La mansión Mavrogordato se alzaba solitaria detrás de unos altos muros ennegrecidos por el fuego, en el barrio de Fener, a mitad del camino del Cuerno de Oro. Yashim vivía en Fener también, pero eso difícilmente los convertía en vecinos: el hogar de Yashim era un pequeño apartamento encima de un callejón. Durante los disturbios griegos, dieciocho años antes, el distrito había sido asolado por un incendio; más allá de los ennegrecidos muros, la mansión era enteramente nueva. Y nuevos eran, también, los Mavrogordato.

Cuán absolutamente nuevos resultaba difícil decirlo. Algunas viejas familias griegas de Fener habían proporcionado durante siglos al Estado otomano dragomanes, gobernadores, sacerdotes y banqueros; pero muchos se habían vinculado al movimiento de independencia griego, y, después de los disturbios, esta supuesta aristocracia fanariota casi había desaparecido. Los Mavrogordato pertenecían a un círculo de familias opulentas que realizaban la misma clase de negocio que había llevado a cabo la aristocracia fanariota, e incluso su nombre parecía bastante familiar. Pero no era exactamente el mismo nombre y tampoco la misma gente.

Yashim hizo una reverencia.
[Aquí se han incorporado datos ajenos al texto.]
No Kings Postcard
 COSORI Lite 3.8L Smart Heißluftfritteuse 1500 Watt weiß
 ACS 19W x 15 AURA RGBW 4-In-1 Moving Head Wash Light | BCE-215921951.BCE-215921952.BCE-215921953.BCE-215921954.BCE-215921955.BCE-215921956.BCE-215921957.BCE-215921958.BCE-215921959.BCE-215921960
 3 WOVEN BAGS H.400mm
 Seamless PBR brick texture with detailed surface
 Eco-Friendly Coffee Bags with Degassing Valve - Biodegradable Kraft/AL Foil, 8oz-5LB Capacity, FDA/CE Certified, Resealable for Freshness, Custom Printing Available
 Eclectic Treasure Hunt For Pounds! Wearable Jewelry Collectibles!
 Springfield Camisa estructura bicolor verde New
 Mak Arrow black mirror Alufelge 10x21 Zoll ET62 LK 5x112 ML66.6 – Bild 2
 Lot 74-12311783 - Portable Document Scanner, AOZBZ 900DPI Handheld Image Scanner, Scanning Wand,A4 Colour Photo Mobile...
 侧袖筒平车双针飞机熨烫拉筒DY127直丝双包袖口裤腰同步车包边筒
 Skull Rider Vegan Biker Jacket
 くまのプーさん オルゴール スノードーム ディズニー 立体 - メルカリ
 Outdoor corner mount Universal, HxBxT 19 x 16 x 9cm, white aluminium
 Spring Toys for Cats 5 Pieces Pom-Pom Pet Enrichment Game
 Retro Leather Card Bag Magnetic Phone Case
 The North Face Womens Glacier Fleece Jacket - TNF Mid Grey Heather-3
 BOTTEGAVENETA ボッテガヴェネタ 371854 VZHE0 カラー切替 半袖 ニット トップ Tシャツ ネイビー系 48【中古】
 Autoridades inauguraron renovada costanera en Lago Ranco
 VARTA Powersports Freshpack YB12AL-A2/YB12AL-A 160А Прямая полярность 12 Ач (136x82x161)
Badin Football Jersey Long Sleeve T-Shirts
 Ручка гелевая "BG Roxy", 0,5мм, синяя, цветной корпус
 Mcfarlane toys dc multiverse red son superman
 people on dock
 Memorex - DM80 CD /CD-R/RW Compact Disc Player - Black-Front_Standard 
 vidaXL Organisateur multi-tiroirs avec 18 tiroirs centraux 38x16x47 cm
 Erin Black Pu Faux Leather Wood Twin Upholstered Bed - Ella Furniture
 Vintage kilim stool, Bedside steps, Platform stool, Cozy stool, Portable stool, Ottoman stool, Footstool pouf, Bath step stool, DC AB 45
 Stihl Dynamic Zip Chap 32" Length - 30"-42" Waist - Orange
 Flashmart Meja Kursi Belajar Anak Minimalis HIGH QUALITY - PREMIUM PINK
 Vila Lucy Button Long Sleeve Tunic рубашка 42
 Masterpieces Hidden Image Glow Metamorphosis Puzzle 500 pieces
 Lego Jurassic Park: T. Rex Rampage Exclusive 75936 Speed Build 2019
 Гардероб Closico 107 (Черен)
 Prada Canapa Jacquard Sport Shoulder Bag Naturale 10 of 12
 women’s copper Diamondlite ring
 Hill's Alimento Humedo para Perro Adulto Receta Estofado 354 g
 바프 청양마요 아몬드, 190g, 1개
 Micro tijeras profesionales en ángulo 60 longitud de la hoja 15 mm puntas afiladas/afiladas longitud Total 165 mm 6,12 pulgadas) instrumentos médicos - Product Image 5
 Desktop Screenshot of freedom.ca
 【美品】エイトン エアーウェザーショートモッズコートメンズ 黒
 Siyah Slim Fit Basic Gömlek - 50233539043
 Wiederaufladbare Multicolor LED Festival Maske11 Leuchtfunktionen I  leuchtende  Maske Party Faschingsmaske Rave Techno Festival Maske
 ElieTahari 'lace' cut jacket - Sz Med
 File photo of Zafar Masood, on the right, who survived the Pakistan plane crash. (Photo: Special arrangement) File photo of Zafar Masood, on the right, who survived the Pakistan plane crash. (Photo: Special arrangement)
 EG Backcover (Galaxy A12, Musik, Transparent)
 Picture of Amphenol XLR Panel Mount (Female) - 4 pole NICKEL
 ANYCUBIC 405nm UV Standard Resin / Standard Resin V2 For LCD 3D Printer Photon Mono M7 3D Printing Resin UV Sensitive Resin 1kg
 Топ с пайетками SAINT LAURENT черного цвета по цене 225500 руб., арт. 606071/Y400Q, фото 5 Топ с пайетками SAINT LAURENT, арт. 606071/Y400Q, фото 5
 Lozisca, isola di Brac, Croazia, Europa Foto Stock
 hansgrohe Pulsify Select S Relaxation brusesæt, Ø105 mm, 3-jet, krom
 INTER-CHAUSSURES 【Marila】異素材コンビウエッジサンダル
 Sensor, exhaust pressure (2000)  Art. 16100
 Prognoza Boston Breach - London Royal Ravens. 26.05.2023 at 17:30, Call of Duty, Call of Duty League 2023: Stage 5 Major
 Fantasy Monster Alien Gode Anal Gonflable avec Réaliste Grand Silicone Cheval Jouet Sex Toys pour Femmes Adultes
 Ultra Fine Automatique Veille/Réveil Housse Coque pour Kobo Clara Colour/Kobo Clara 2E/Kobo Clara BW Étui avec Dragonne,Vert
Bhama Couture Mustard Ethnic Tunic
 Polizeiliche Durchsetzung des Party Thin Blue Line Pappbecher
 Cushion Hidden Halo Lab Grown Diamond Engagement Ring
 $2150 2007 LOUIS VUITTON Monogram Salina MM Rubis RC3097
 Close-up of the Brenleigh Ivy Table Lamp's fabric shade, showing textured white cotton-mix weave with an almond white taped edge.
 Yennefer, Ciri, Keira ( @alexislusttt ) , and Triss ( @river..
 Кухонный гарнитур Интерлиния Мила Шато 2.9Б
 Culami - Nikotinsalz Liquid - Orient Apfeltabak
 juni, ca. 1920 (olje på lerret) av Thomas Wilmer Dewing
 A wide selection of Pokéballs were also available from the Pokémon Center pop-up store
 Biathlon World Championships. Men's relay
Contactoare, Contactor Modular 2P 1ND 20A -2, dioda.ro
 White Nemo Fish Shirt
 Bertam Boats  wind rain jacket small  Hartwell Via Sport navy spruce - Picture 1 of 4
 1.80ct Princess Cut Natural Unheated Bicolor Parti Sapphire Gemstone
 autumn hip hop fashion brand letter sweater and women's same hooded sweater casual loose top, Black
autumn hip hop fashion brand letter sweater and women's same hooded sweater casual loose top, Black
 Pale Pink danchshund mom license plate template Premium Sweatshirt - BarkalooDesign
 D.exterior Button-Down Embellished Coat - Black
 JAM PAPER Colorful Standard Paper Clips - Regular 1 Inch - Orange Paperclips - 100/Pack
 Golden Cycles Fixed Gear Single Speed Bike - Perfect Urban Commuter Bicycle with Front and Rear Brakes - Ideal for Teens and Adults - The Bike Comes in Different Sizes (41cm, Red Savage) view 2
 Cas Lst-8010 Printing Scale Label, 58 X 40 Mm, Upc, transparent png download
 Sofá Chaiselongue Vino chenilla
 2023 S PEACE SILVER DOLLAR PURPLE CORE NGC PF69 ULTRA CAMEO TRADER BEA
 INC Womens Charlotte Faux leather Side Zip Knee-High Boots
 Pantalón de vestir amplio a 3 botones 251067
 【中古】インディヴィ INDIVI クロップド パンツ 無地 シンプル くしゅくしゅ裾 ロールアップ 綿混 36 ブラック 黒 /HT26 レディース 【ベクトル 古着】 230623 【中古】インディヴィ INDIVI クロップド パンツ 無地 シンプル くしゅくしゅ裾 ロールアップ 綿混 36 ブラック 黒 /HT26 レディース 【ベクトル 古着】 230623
Los negros ojos de madame Mavrogordato parpadearon en dirección a un enorme reloj del abuelo alemán, que se alzaba contra la pared del oscuro apartamento.

– Llega usted tarde -dijo ella.

Yashim miró al reloj. Más allá de ése, otro reloj descansaba sobre una taraceada mesilla. Detrás de madame Mavrogordato, un reloj americano colgaba de la pared, con un pequeño panel de cristal a través del cual se podía ver el péndulo reflejando rítmicamente la suave luz de la gran sala, completamente cerrada por postigos. Entre las ventanas, aparecía otro gran reloj del abuelo. Sus manecillas indicaban algo más de las diez.

– ¿Por qué no lleva usted el fez?

– No soy un empleado del gobierno, hanum. Tengo casi cuarenta años y creo que soy lo bastante viejo para elegir lo que considero confortable. De la misma manera que elijo para quién trabajo -añadió fríamente.

– ¿Qué significa eso?

– Vivo modestamente, hanum. Me gusta más estar ocupado que ocioso, pero puedo estar ocioso.

Madame Mavrogordato cogió una campanilla de plata que tenía junto a su codo y la agitó. Apareció silenciosamente un sirviente en la puerta.

– Café. -La mujer miró a Yashim durante un momento-. No permito que se fume en estas habitaciones.

Hizo un gesto señalando una rígida silla francesa. El criado regresó con el café, en medio de un silencio acompasado sólo por el tictac de los cuatro relojes de madame Mavrogordato. Yashim tomó un sorbo. Era un buen café.

– Quizás le sorprenda saber que yo también he vivido modestamente en mi vida -empezó a decir madame Mavrogordato. Cogió un collar de cuentas de su regazo y empezó a pasarlas a través de sus esbeltos y blancos dedos-. Confío en que eso ya sólo sea cosa del pasado. El señor Mavrogordato y yo hemos trabajado duro y… hemos tenido a veces la buena fortuna de la que otros han carecido. Estoy completamente segura de que comprenderá usted lo que quiero decir… Como cuando digo que no permitiré que nada ponga en riesgo esa buena fortuna.

Las cuentas se deslizaban por sus dedos una a una.

– Tal vez haya usted oído decir que monsieur Mavrogordato es búlgaro -prosiguió-. Eso no es cierto. Procede de una familia eclesiástica, que residía antiguamente en Varna. Yo estoy emparentada con la familia Mavrogordato por sangre, y monsieur Mavrogordato, por su matrimonio conmigo. Muy pronto, reconocí su talento para las finanzas. Maneja bien las cifras. Disfruta con ellas. Pero no es un hombre osado.